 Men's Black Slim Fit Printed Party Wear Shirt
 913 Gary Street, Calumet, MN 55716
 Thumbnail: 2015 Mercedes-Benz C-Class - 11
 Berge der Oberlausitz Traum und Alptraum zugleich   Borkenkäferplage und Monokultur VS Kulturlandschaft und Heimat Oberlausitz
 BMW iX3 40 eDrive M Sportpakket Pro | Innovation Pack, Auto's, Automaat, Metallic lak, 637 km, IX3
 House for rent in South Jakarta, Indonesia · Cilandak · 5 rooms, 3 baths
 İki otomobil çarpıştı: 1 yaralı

━━━━━━━━

## The task
Repeat every record exactly as written, please.

## Response area
 Men's Black Slim Fit Printed Party Wear Shirt
 913 Gary Street, Calumet, MN 55716
 Thumbnail: 2015 Mercedes-Benz C-Class - 11
 Berge der Oberlausitz Traum und Alptraum zugleich   Borkenkäferplage und Monokultur VS Kulturlandschaft und Heimat Oberlausitz
 BMW iX3 40 eDrive M Sportpakket Pro | Innovation Pack, Auto's, Automaat, Metallic lak, 637 km, IX3
 House for rent in South Jakarta, Indonesia · Cilandak · 5 rooms, 3 baths
 İki otomobil çarpıştı: 1 yaralı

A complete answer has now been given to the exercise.